For the copy, please give all of the data again exactly and leave the pictures out.

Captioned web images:
========================================
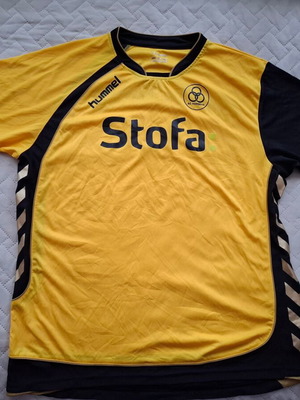 AC Horsens Home Jersey Hummel Yellow Shirt size XL like new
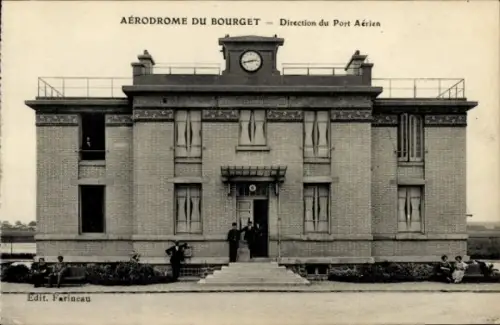 Ak Le Raincy Seine Saint Denis, Terminalgebäude des Flughafens Le Bourget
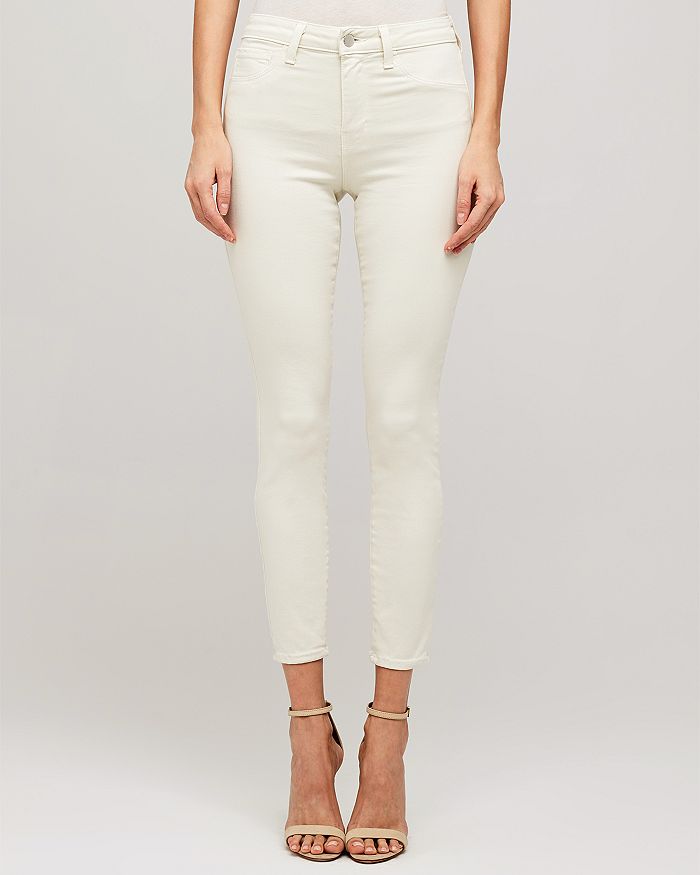 L Agence L'agence Margot Cropped Jeans In Granite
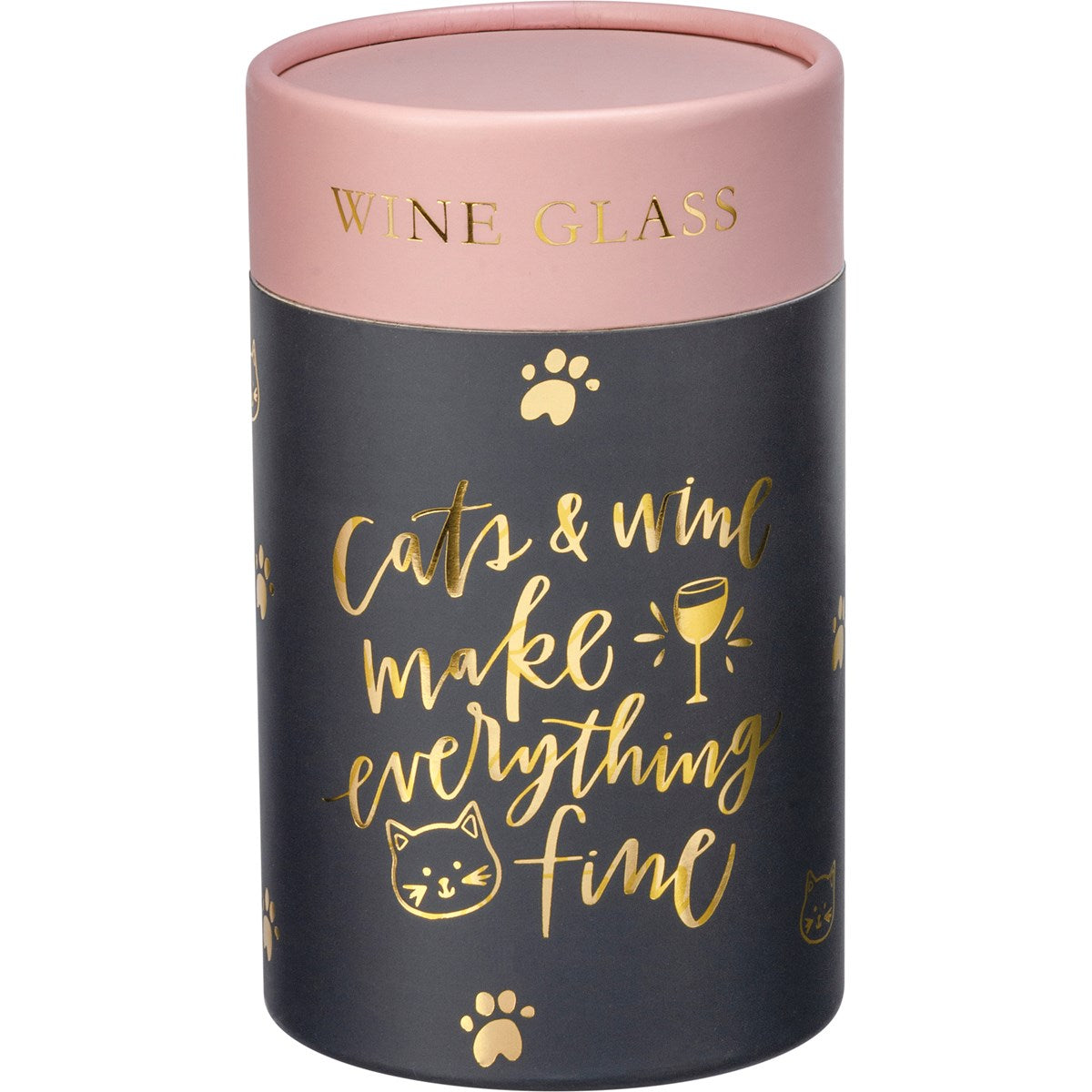 Cats & Wine Make Everything Fine | Wine Glass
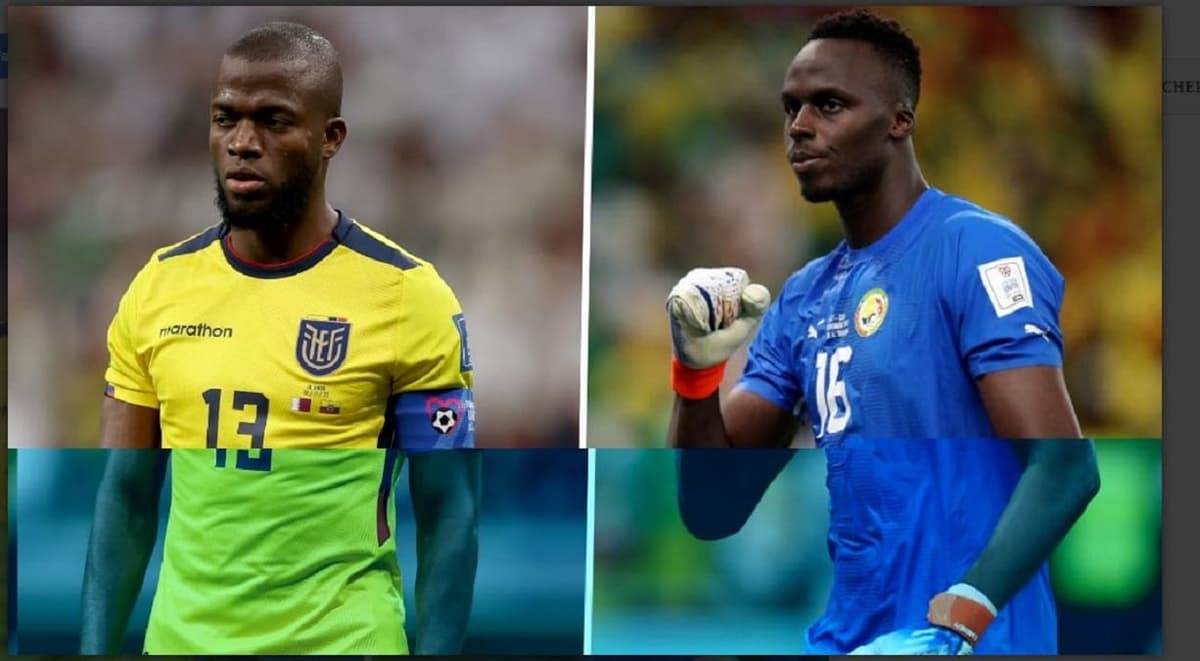 Enner Valencia et Edouard Mendy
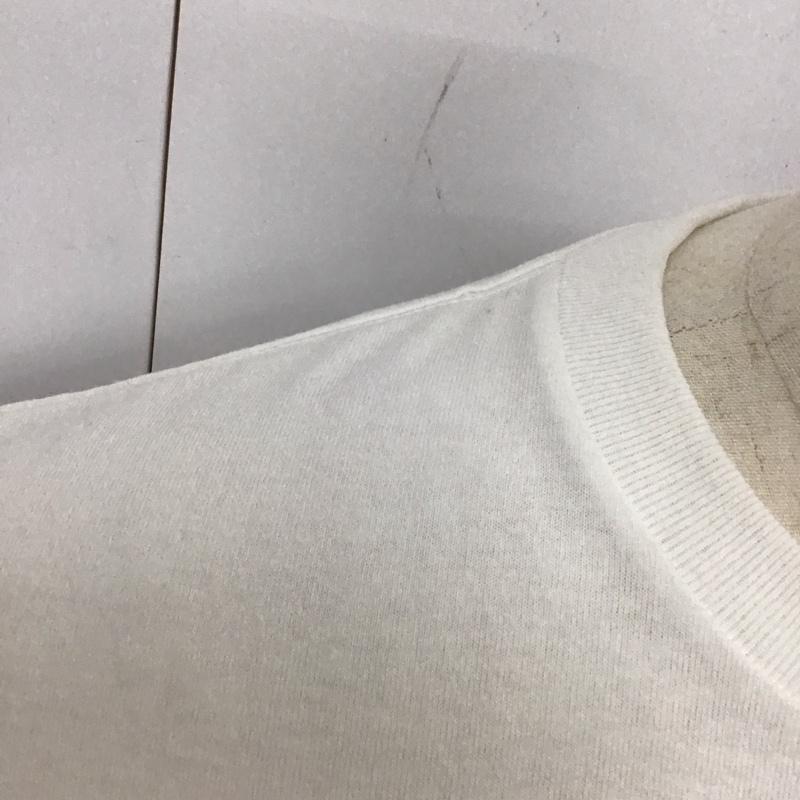 ベイプ BAPE Tシャツ 半袖 半袖カットソー プリントTシャツ クルーネックカットソー L ロゴ、文字 白 / ホワイト /  メンズ USED 古着 中古 10111946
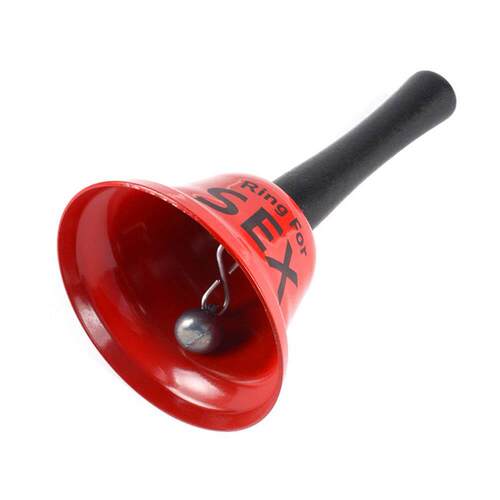 Hand-held Ring Red Metal Bell Party Decoration Bell Sex For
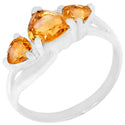 7, 5 MM Heart - Citrine Ring - R5187C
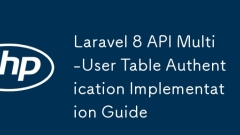 Laravel 8 APIマルチユーザーテーブル認証実装ガイド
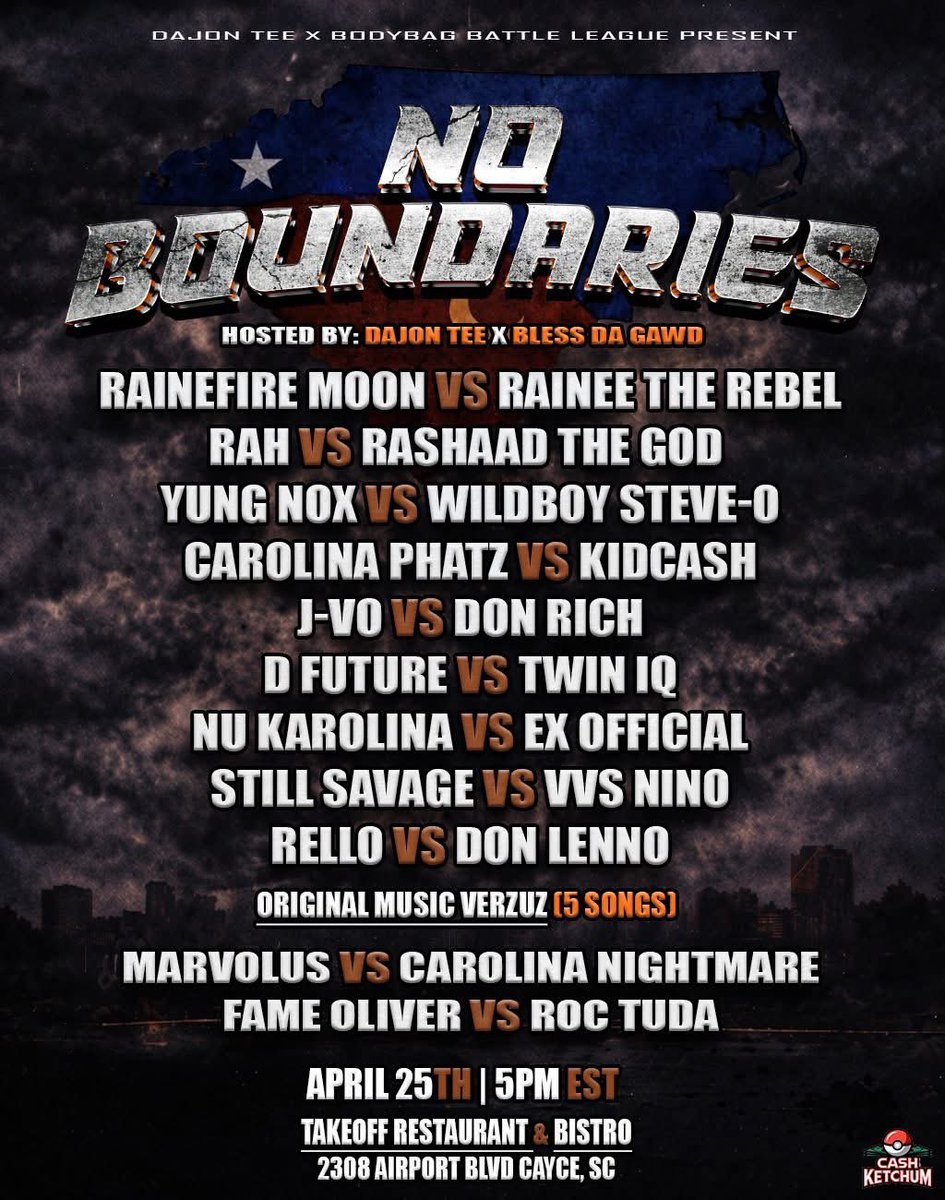 C_Nightmare21's tweet photo. Shout out @DajonTee for giving me a chance to showcase my music #3BL
Come out and support this event https://t.co/Z2DjKuMoIF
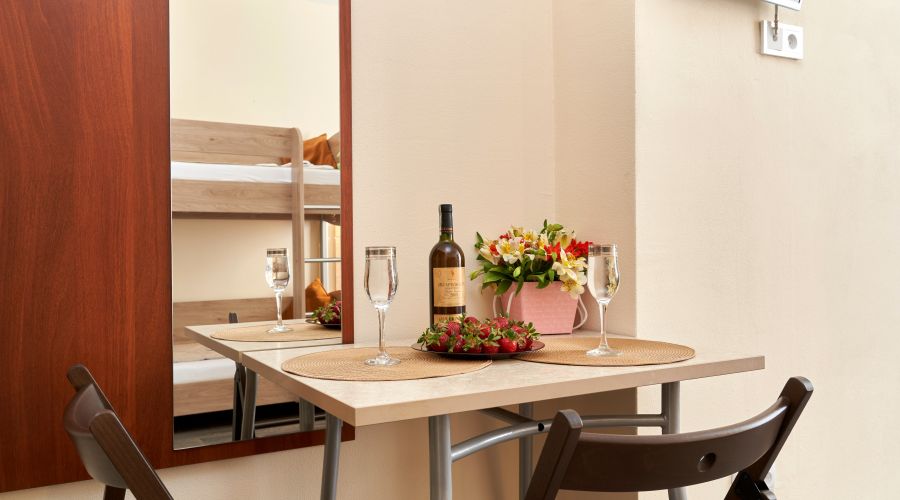 Семейный 4-местный 1-комнатный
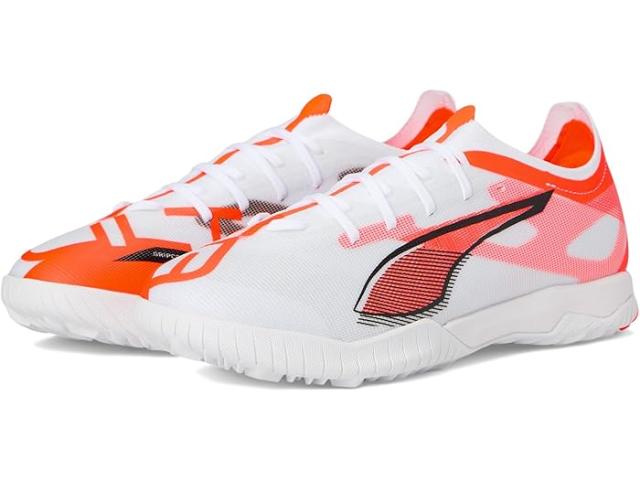 (取寄) プーマ メンズ ウルトラ 5 マッチ ターフ トレーナー サッカー クリーツ PUMA men Ultra 5 Match Turf Trainer Soccer Cleats Puma White-Puma Black-Glowing Red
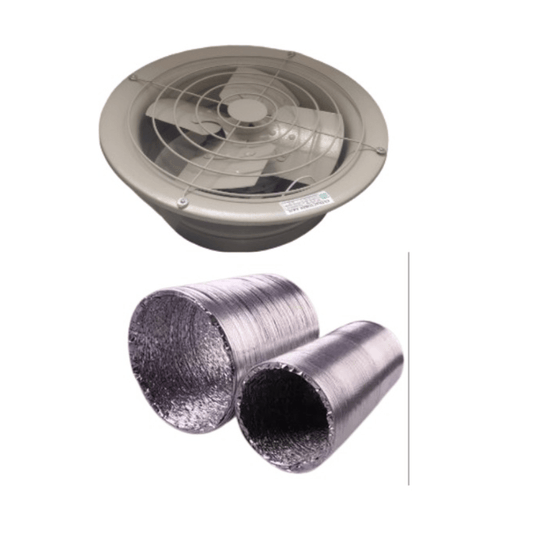 Combo Extractor 8"+ Ducto Flexible X 10mts - Promelec FGA-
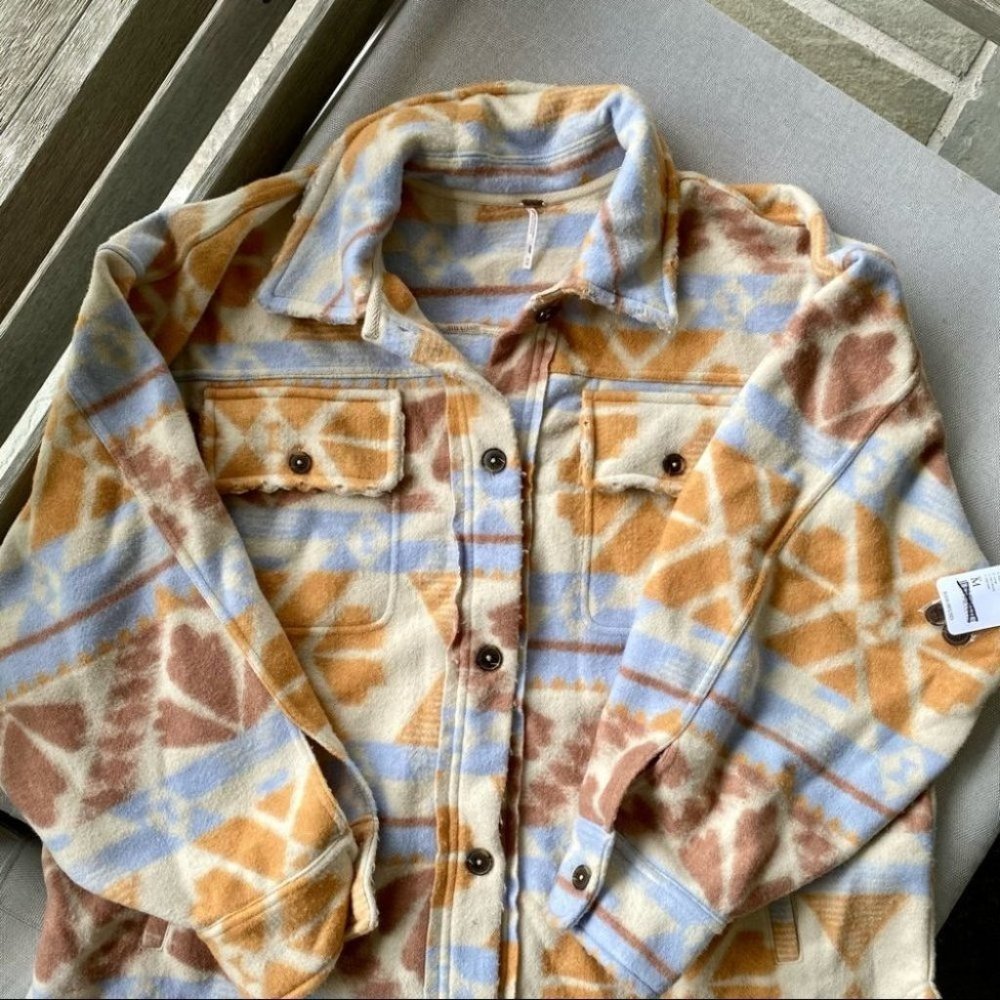 New Free People Jacquard Ruby Jacket - Picture 8 of 9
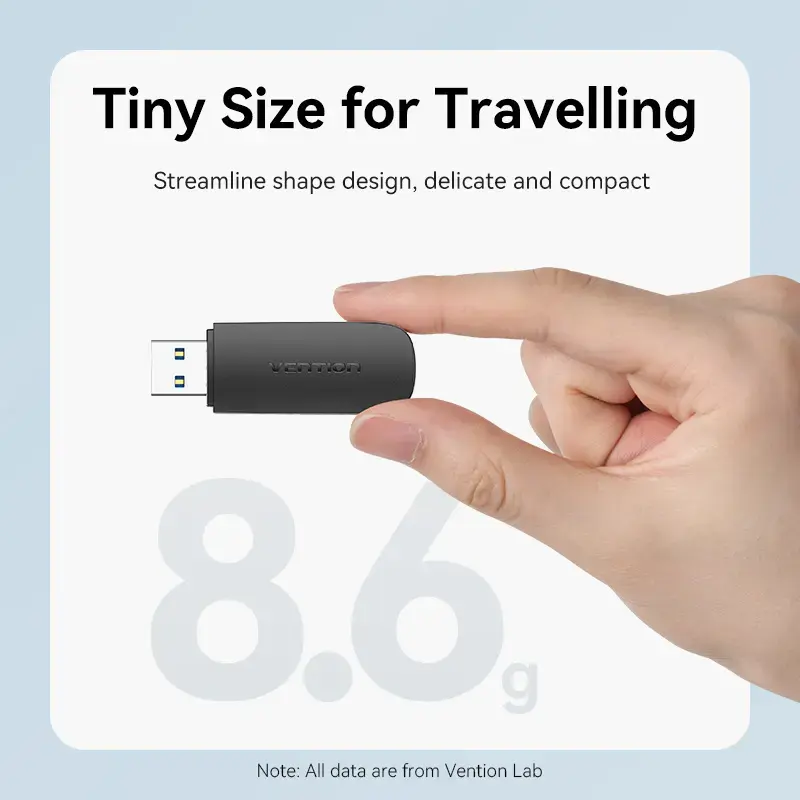 Vention CLGB0 leitor de cartões 2 em 1, USB 3.0 A, SD + TF, letra de unidade dupla, preto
========================================
▶ **Response to the task**:
 AC Horsens Home Jersey Hummel Yellow Shirt size XL like new
 Ak Le Raincy Seine Saint Denis, Terminalgebäude des Flughafens Le Bourget
 L Agence L'agence Margot Cropped Jeans In Granite
 Cats & Wine Make Everything Fine | Wine Glass
 Enner Valencia et Edouard Mendy
 ベイプ BAPE Tシャツ 半袖 半袖カットソー プリントTシャツ クルーネックカットソー L ロゴ、文字 白 / ホワイト /  メンズ USED 古着 中古 10111946
 Hand-held Ring Red Metal Bell Party Decoration Bell Sex For
 7, 5 MM Heart - Citrine Ring - R5187C
 Laravel 8 APIマルチユーザーテーブル認証実装ガイド
 C_Nightmare21's tweet photo. Shout out @DajonTee for giving me a chance to showcase my music #3BL
Come out and support this event https://t.co/Z2DjKuMoIF
 Семейный 4-местный 1-комнатный
 (取寄) プーマ メンズ ウルトラ 5 マッチ ターフ トレーナー サッカー クリーツ PUMA men Ultra 5 Match Turf Trainer Soccer Cleats Puma White-Puma Black-Glowing Red
 Combo Extractor 8"+ Ducto Flexible X 10mts - Promelec FGA-
 New Free People Jacquard Ruby Jacket - Picture 8 of 9
 Vention CLGB0 leitor de cartões 2 em 1, USB 3.0 A, SD + TF, letra de unidade dupla, preto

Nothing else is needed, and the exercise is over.